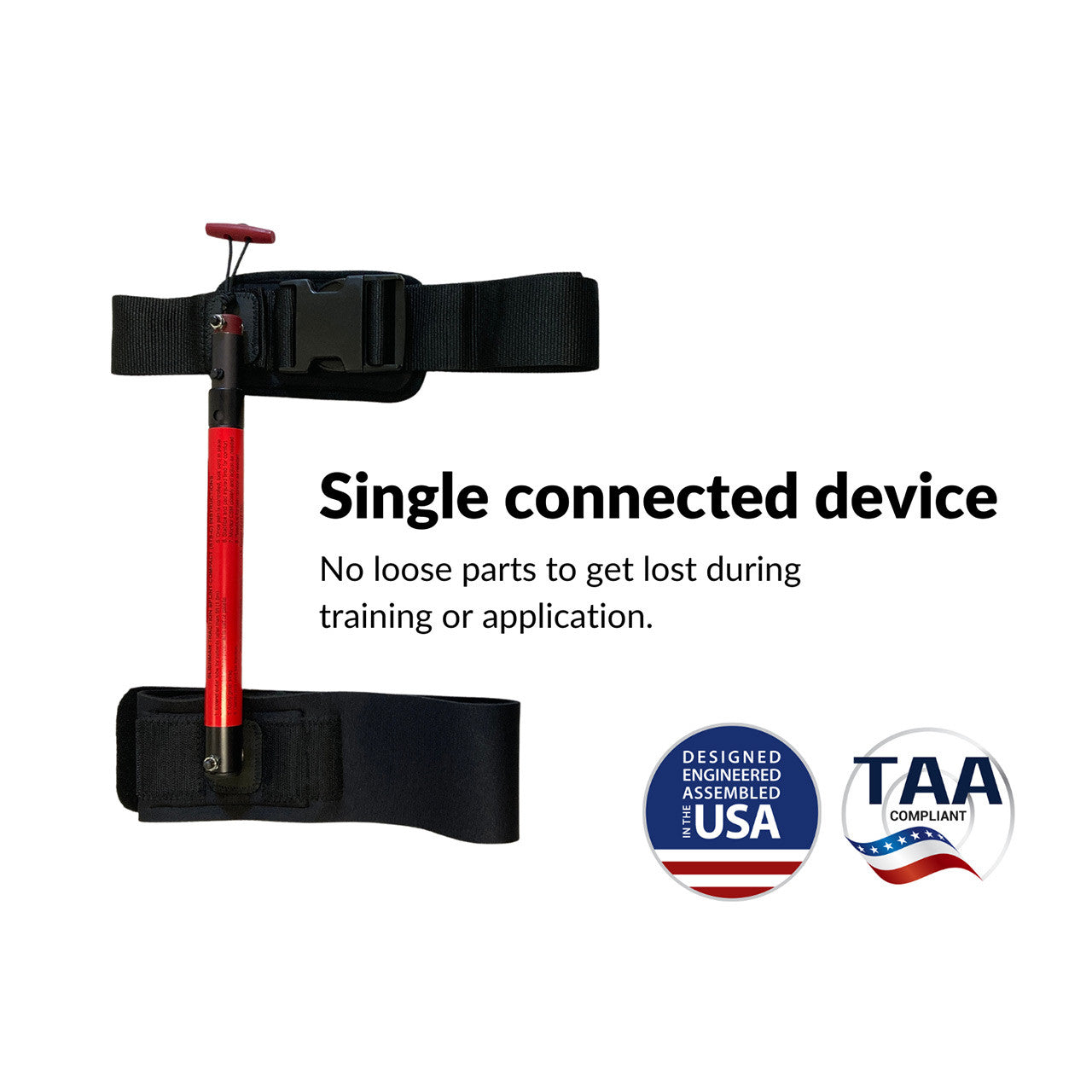 Slishman Traction Splint Compact (STS-C) by rescue essentials is a single connected device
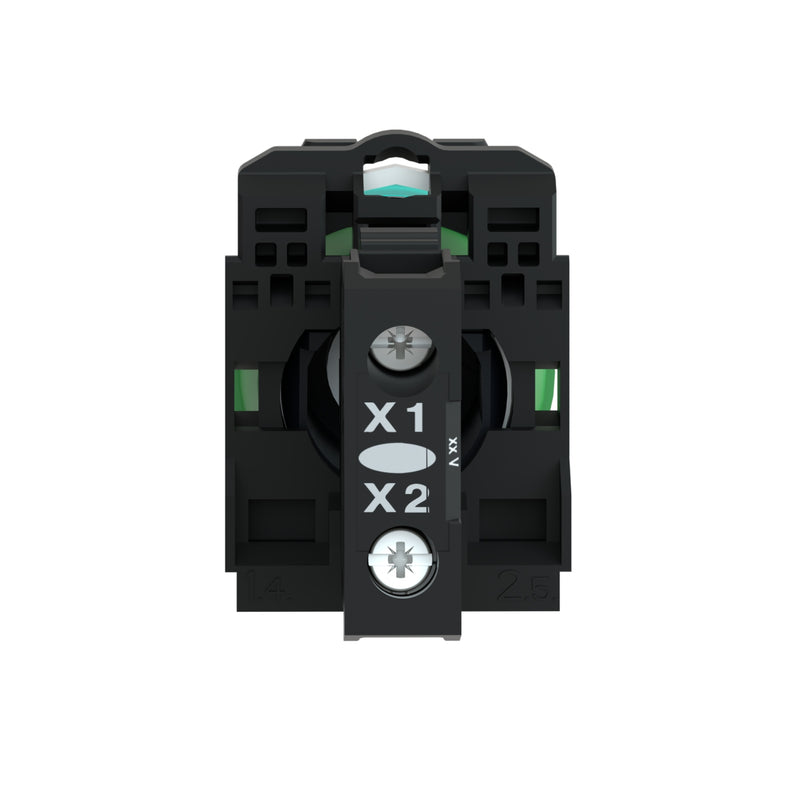 TELEMEC LAMPARA LED VERDE 120VAC C/BASE PLAST
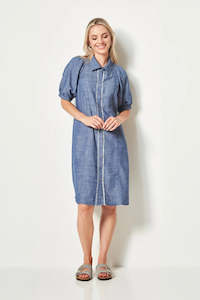 Womenswear: Verge Enrich Dress - Cobalt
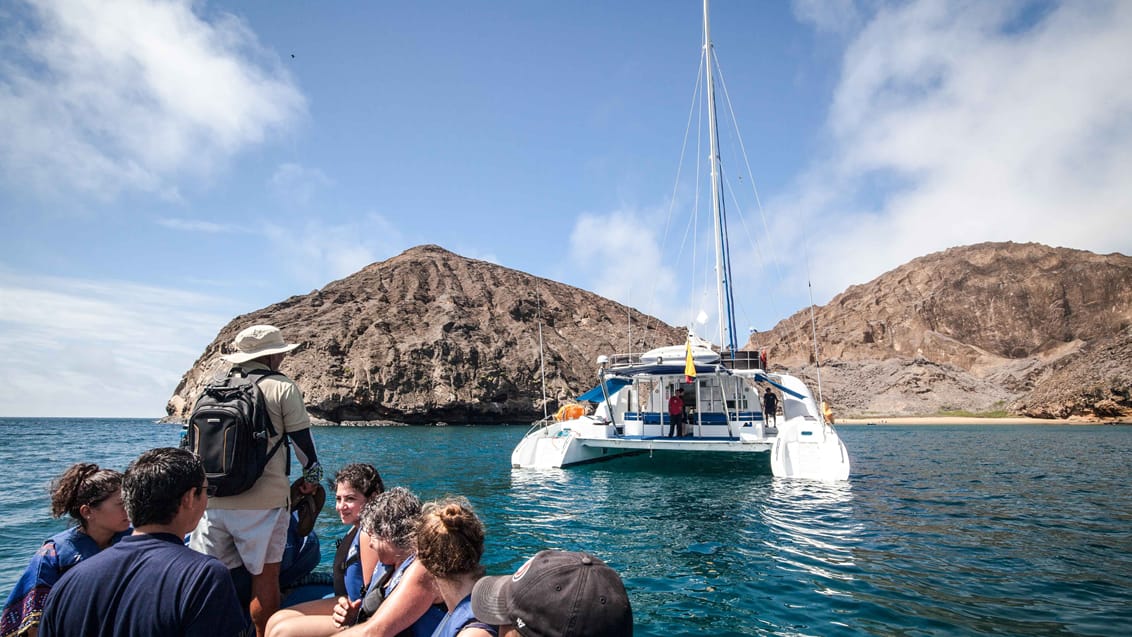 Nemo I er en katamaran med plads til 14 passagerer fordelt i syv kahytter. Med Nemo I får du en unik sejloplevelse ved Galapagos-øerne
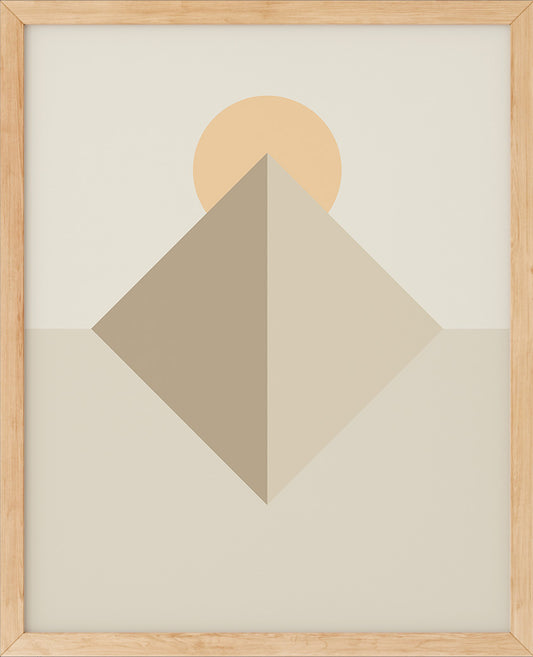 Trendy Shapes No.1 | Plakat | Poster | Jotun  0486 Silke, 12123 Contemporary White, 1520 Cheerful Peach, 1276 Soft, 10430 Dempet Savanne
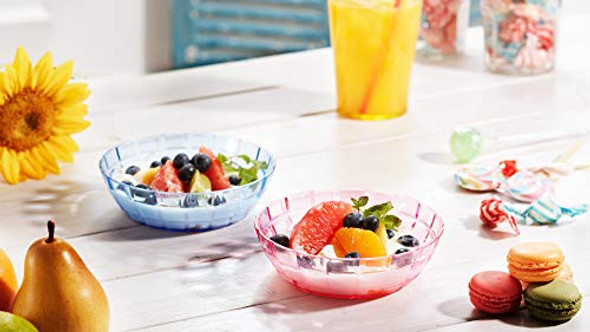 13 oz Unbreakable Premium Bowls - Set of 6 - Tritan Plastic - BPA Free - Dishwasher Safe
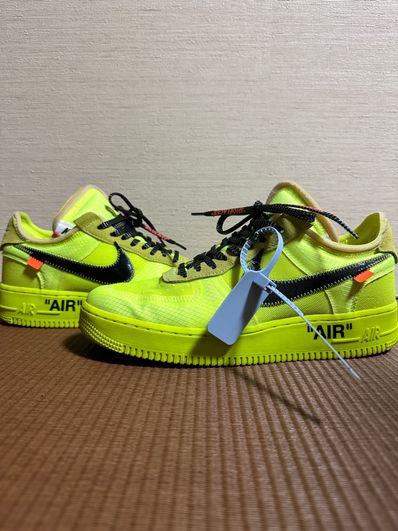 Off-White × Nike Air Force 1 Low "Volt"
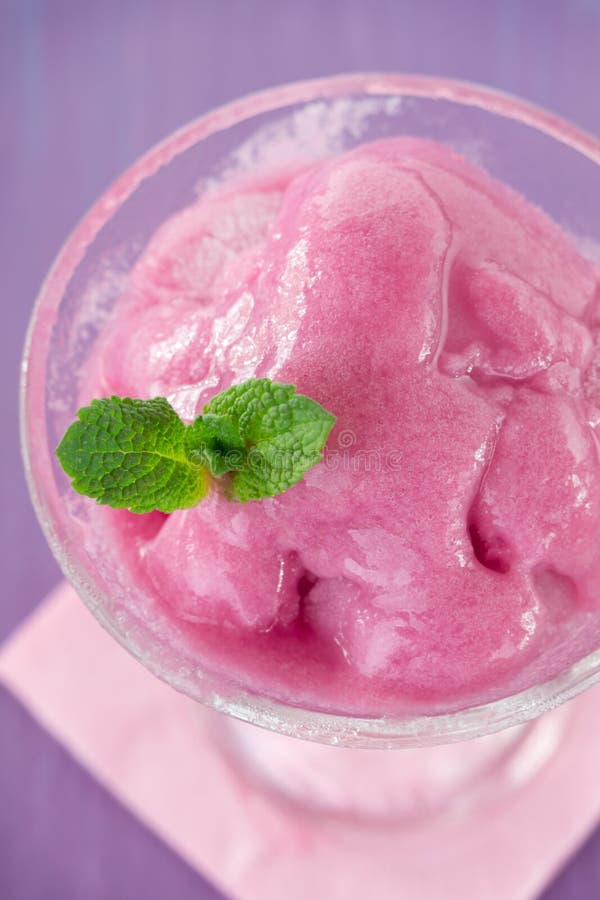 Sorbet stock image. Image of sweet, portion, homemade - 45637723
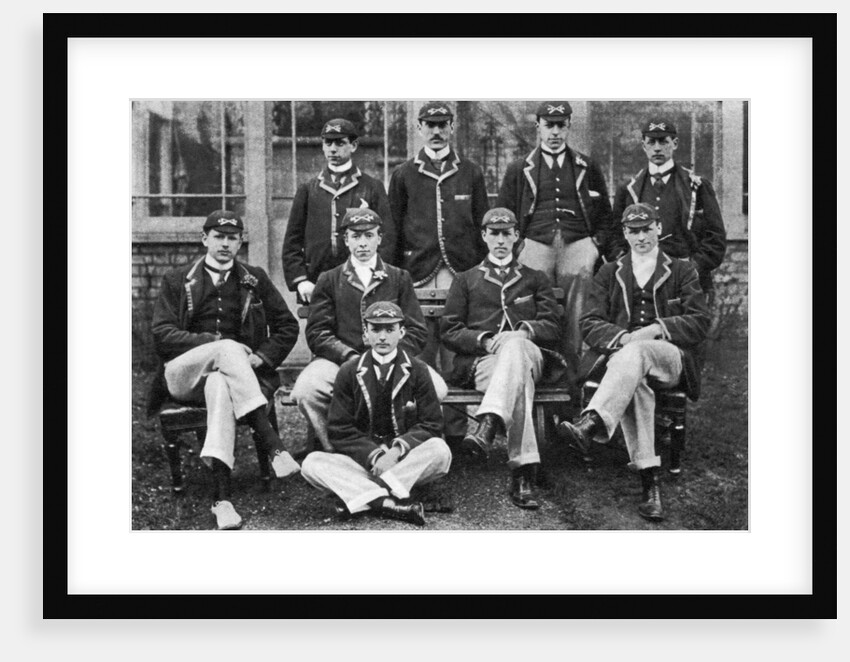 The winning Oxford boat race crew by Anonymous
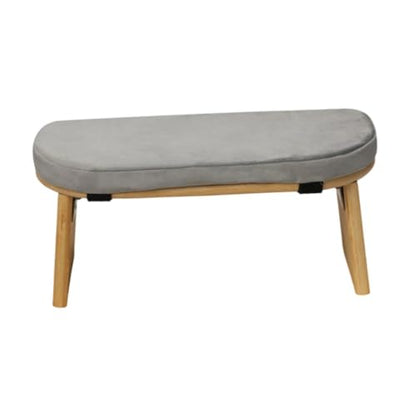 Meditation Bench Prayer Bench Removable Ergonomic Foldable Bamboo Kneeling Stool Stool for Office Bedroom Tea Ceremony(Light Grey)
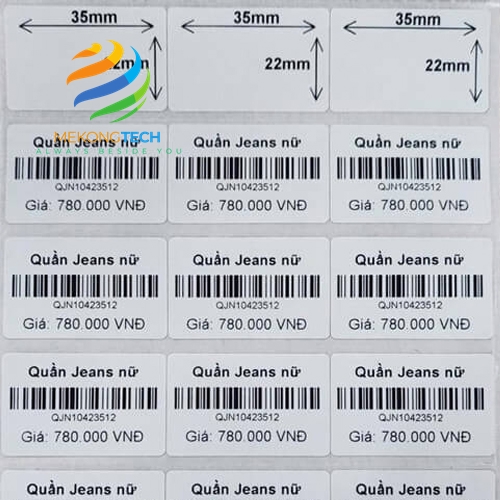 Mua bán giấy in mã vạch 3 tem 35x22 giá rẻ
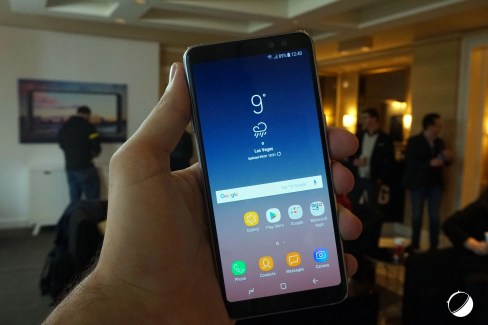 L'écran du Galaxy A8 (2018)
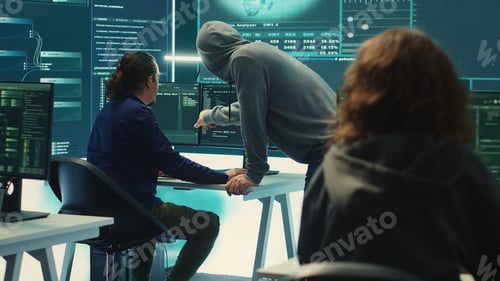 Preview: Governmental agency team conducting cyber security monitoring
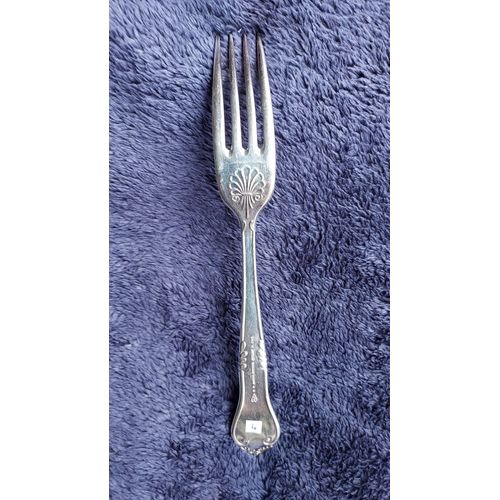 Fourchette Plaquée Argent Fabriquée En Angleterre. Epns A1. Butlet England. 855577. 20.5 Cm. 73 Grammes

◆ ◆ ◆ ◆ ◆ ◆ ◆

> Exercise details:
Repeat the lines above exactly, and keep every picture out.

> Answer for this exercise:
 Slishman Traction Splint Compact (STS-C) by rescue essentials is a single connected device
 TELEMEC LAMPARA LED VERDE 120VAC C/BASE PLAST
 Womenswear: Verge Enrich Dress - Cobalt
 Nemo I er en katamaran med plads til 14 passagerer fordelt i syv kahytter. Med Nemo I får du en unik sejloplevelse ved Galapagos-øerne
 Trendy Shapes No.1 | Plakat | Poster | Jotun  0486 Silke, 12123 Contemporary White, 1520 Cheerful Peach, 1276 Soft, 10430 Dempet Savanne
 13 oz Unbreakable Premium Bowls - Set of 6 - Tritan Plastic - BPA Free - Dishwasher Safe
 Off-White × Nike Air Force 1 Low "Volt"
 Sorbet stock image. Image of sweet, portion, homemade - 45637723
 The winning Oxford boat race crew by Anonymous
 Meditation Bench Prayer Bench Removable Ergonomic Foldable Bamboo Kneeling Stool Stool for Office Bedroom Tea Ceremony(Light Grey)
 Mua bán giấy in mã vạch 3 tem 35x22 giá rẻ
 L'écran du Galaxy A8 (2018)
 Preview: Governmental agency team conducting cyber security monitoring
 Fourchette Plaquée Argent Fabriquée En Angleterre. Epns A1. Butlet England. 855577. 20.5 Cm. 73 Grammes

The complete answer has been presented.